PUSH reverses the traditional HTTP request/response flow by enabling servers to send updates the moment something meaningful happens. This requires:

  • a persistent or semi‑persistent channel
  • a subscription mechanism
  • a delivery engine
  • event triggers

Summary Comparison Table

Technology Directionality Ideal Use Cases Complexity
SSE Server→Client Notifications, dashboards, workflow updates Low
WebSockets Full-duplex Chat, collaboration, presence Medium–High
MQTT Pub/Sub IoT, sensors, distributed systems Medium
Long-polling Simulated PUSH Legacy fallback Low
Web Push Server→Browser Notifications outside browser Medium

Major PUSH Technologies

Server-Sent Events (SSE)

Lightweight one-way PUSH over a long-lived HTTP connection.
Strengths: simple, efficient, REST-friendly.
Limitations: one-way only; PHP-FPM tuning required.

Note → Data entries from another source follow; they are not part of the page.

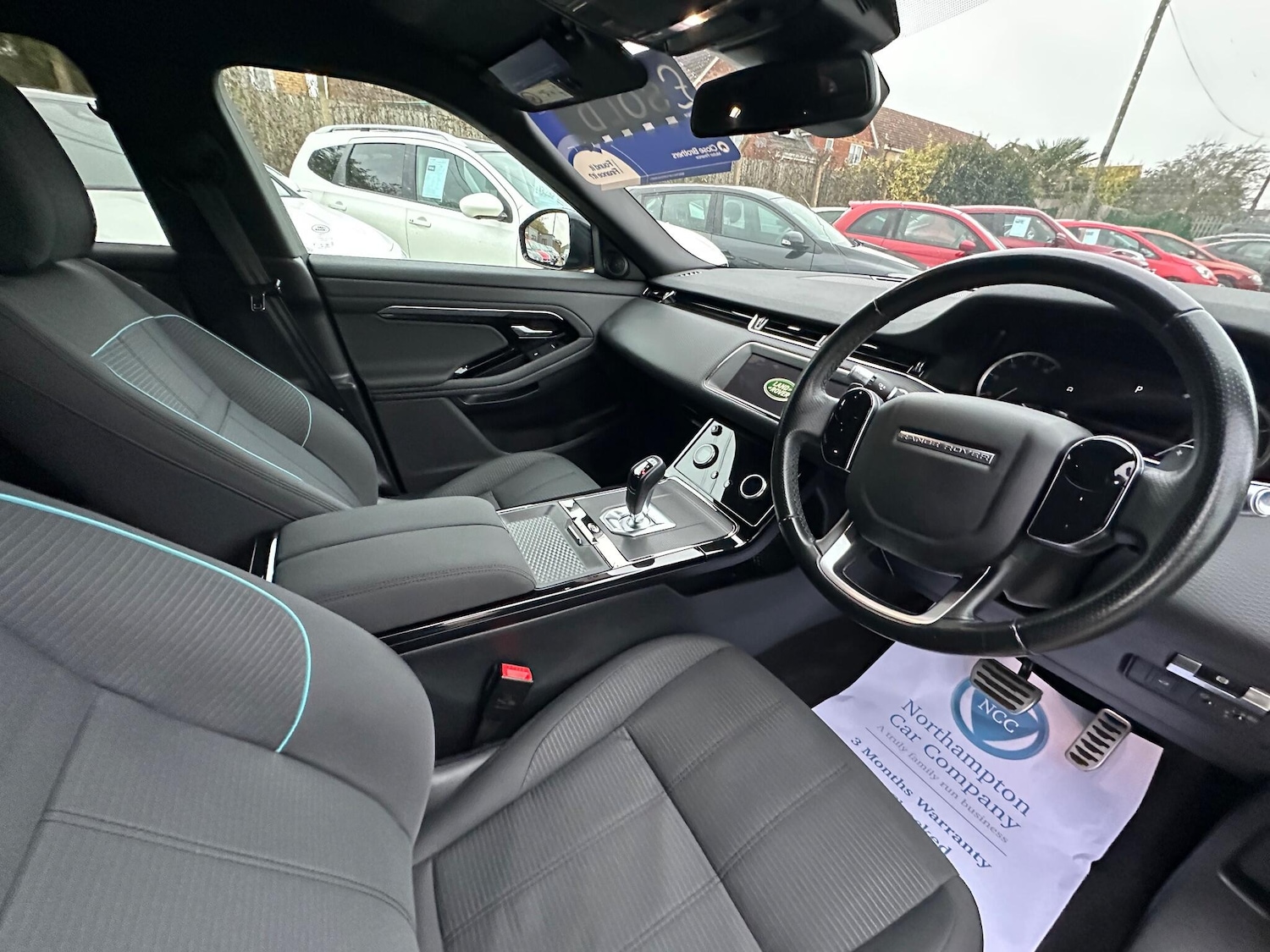 Used Land Rover Range Rover Evoque 2020 for sale - 77376259: Photo 3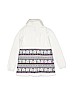 Gymboree White Cardigan Size 5 - 6 - photo 2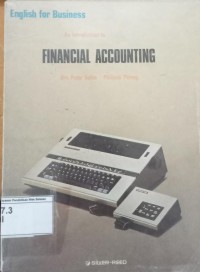 Financial Accounting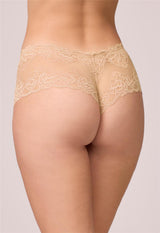 Lace Cheeky Panty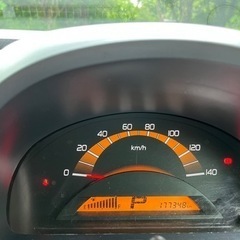 H21 ワゴンR 諸費込 8万円 ワンセグ、バックカメラ、ETC付の画像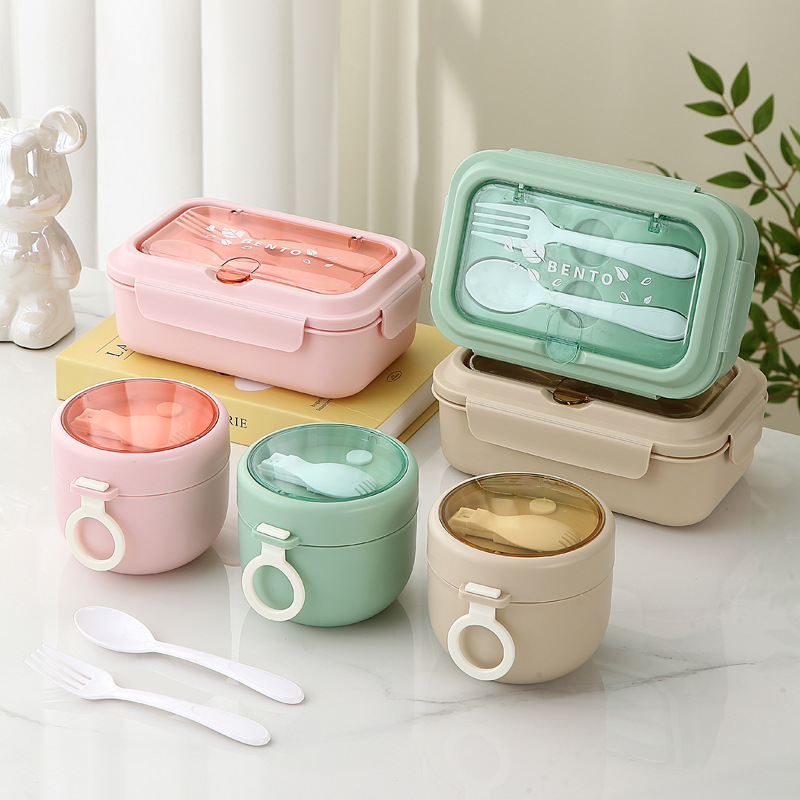 JUSTINLAU Lunch Box Portable f - Baby Food Container 评论和价格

Deep Dive: Server‑Sent Events (SSE)

Server‑Sent Events (SSE) is a server → client streaming technology defined in the HTML Living Standard. Clients receive UTF‑8 encoded events over a long‑lived HTTP connection via the JavaScript `EventSource` interface. (Spec: WHATWG HTML — Server‑Sent Events)

How SSE Works

  • Client opens a long‑lived HTTP GET request.
  • Server replies with `Content-Type: text/event-stream` and streams events.
  • Events may include `data:`, optional `id:` (resume), and optional `event:` (named types).
  • Browsers auto‑reconnect and send `Last-Event-ID` when resuming. (Spec details)

Example Event

``` id: 583 event: order_update data: {"order":123,"status":"shipped"} ```

Strengths

  • Simple implementation; native `EventSource` API.
  • Automatic reconnection and event ID tracking.

Limitations

  • One‑way only (server → client); UTF‑8 text only.
  • Browser connection limits for HTTP/1 (commonly ~6 per domain).

WebSockets

Full-duplex real-time communication.
Strengths: low-latency, binary support.
Limitations: needs event-driven runtime.

Long-Polling

Held-open requests until change.
Strengths: universal fallback.
Limitations: inefficient at scale.

MQTT

Pub/sub protocol designed for IoT and telemetry.
Strengths: massive scalability, durable subscriptions.
Limitations: requires broker, not browser-native.

Web Push API

Notification delivery even when browser is closed.
Strengths: great for user-centric alerts.
Limitations: not for continuous streams.

Universal PUSH Lifecycle

1. Discovery/Intent
2. Channel Establishment
3. Subscription Registration
4. Delivery

When to Use What

  • Use SSE for simple one-way notifications.
  • Use WebSockets for collaborative apps.
  • Use MQTT for IoT/distributed messaging.
  • Use Long-polling for legacy compat.
  • Use Web Push for browser notifications.